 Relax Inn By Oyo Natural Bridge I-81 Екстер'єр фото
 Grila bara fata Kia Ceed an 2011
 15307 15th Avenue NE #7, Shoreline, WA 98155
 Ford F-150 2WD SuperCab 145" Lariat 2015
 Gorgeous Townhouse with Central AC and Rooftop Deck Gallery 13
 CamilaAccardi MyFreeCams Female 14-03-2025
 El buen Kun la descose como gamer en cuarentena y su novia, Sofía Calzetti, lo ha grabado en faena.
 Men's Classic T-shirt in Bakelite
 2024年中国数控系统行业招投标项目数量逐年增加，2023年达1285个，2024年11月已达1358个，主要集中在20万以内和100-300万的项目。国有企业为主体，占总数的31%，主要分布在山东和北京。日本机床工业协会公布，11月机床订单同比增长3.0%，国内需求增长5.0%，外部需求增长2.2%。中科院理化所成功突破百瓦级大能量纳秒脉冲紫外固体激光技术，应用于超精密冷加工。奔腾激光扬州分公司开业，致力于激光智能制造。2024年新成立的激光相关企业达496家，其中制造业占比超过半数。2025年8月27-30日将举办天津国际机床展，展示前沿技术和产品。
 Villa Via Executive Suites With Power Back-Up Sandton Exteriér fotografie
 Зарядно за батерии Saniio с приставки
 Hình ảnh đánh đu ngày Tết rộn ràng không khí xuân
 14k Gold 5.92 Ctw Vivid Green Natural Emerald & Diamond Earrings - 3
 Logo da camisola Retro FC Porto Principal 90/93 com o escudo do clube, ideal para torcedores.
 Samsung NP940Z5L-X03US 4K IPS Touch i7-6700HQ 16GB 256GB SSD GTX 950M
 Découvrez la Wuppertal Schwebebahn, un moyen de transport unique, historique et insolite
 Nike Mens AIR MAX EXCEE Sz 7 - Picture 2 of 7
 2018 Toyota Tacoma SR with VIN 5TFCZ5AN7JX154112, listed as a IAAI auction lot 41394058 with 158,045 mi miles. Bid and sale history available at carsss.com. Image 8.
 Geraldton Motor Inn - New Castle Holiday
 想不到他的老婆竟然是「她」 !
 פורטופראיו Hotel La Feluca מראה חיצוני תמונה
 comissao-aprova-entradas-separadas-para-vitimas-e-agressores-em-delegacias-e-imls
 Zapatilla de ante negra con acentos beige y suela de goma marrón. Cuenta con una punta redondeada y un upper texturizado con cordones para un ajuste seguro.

» GOAL OF THE EXERCISE
All lines of the data are to be repeated exactly as they stand.

» EXERCISE RESULT
 Relax Inn By Oyo Natural Bridge I-81 Екстер'єр фото
 Grila bara fata Kia Ceed an 2011
 15307 15th Avenue NE #7, Shoreline, WA 98155
 Ford F-150 2WD SuperCab 145" Lariat 2015
 Gorgeous Townhouse with Central AC and Rooftop Deck Gallery 13
 CamilaAccardi MyFreeCams Female 14-03-2025
 El buen Kun la descose como gamer en cuarentena y su novia, Sofía Calzetti, lo ha grabado en faena.
 Men's Classic T-shirt in Bakelite
 2024年中国数控系统行业招投标项目数量逐年增加，2023年达1285个，2024年11月已达1358个，主要集中在20万以内和100-300万的项目。国有企业为主体，占总数的31%，主要分布在山东和北京。日本机床工业协会公布，11月机床订单同比增长3.0%，国内需求增长5.0%，外部需求增长2.2%。中科院理化所成功突破百瓦级大能量纳秒脉冲紫外固体激光技术，应用于超精密冷加工。奔腾激光扬州分公司开业，致力于激光智能制造。2024年新成立的激光相关企业达496家，其中制造业占比超过半数。2025年8月27-30日将举办天津国际机床展，展示前沿技术和产品。
 Villa Via Executive Suites With Power Back-Up Sandton Exteriér fotografie
 Зарядно за батерии Saniio с приставки
 Hình ảnh đánh đu ngày Tết rộn ràng không khí xuân
 14k Gold 5.92 Ctw Vivid Green Natural Emerald & Diamond Earrings - 3
 Logo da camisola Retro FC Porto Principal 90/93 com o escudo do clube, ideal para torcedores.
 Samsung NP940Z5L-X03US 4K IPS Touch i7-6700HQ 16GB 256GB SSD GTX 950M
 Découvrez la Wuppertal Schwebebahn, un moyen de transport unique, historique et insolite
 Nike Mens AIR MAX EXCEE Sz 7 - Picture 2 of 7
 2018 Toyota Tacoma SR with VIN 5TFCZ5AN7JX154112, listed as a IAAI auction lot 41394058 with 158,045 mi miles. Bid and sale history available at carsss.com. Image 8.
 Geraldton Motor Inn - New Castle Holiday
 想不到他的老婆竟然是「她」 !
 פורטופראיו Hotel La Feluca מראה חיצוני תמונה
 comissao-aprova-entradas-separadas-para-vitimas-e-agressores-em-delegacias-e-imls
 Zapatilla de ante negra con acentos beige y suela de goma marrón. Cuenta con una punta redondeada y un upper texturizado con cordones para un ajuste seguro.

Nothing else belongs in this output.